The Limit of Taste and Smell?

I don’t care what anyone says. It seems to me, the variety of smells you can smell and tastes you can taste, must almost be endless.

I know there are certain things just found in nature, like lemon or peppermint. But take the taste/smell of root beer and cola. How do you describe these things if you never had them before? You see what I mean.

Anyways, my question is just this (to quantify my suspicions in a simple question): if you smelled a plant, a flower or food, let’s say, from an alien planet man has never been before, what would it smell like? Would it smell like something you never smelled before? Or would you say, Wow, that smells just like peppermint, e.g.

Thank you in advance to all who reply:):):slight_smile:

The question you’re asking here has more to do with the vocabulary we English-speakers use for scents. (I’m assuming, OP, that you’re a native English-speaker; my apologies if this is not so.) Our language is fairly poor in words for scents, despite the fact (as you note) that we can differentiate a huge number of scents.

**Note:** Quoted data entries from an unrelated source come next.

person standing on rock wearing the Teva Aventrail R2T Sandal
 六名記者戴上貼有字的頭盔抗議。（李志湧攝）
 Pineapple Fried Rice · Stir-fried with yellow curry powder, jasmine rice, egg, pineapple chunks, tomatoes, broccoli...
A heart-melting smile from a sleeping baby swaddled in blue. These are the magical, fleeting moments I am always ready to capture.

Now, if you spoke a language with a richer scent vocabulary, we might not be having this discussion. I’m confident that if I saw an alien object that no person had seen before, I would be able to describe its color in English, because English has a lot of color-related words. My guess is that a Jahai speaker (the language in the above link) would feel more confident that he/she could describe a completely alien scent.

You smell whatever chemicals your olfactory receptors can bind with and olfactory receptors are flexible.

Rather than binding specific ligands, olfactory receptors display affinity for a range of odor molecules, and conversely a single odorant molecule may bind to a number of olfactory receptors with varying affinities,[8] which depend on physio-chemical properties of molecules like their molecular volumes .

So if the alien “smell” comes from molecules your receptors can bind, then yes, you smell something. It’s possible that alien molecules might mimic something like peppermint, but only because they are binding to the same receptors in the same ratios as natural peppermint.

I thought this question was going to be about something different. You can only see a tiny sliver of the electromagnetic spectrum. You can only hear sounds between 20Hz and 20kHz, at best, and nothing outside that range.

I’m not sure what the limits of touch are, but I can imagine there are touches so light that you can’t feel them and “touches” that are so large as to obliterate you and your nerves before you have the chance to feel them. Taste is pretty narrow to begin with. Sweet, salty, sour, bitter and hot.

Are there similar (well-defined or otherwise) limits to what we can smell?

There was a fairly recent news story about this. I heard it on NPR, but it I thinkthis article covers the same thing.

BTW, they say, in the article, about a trillion smells (based on extrapolation).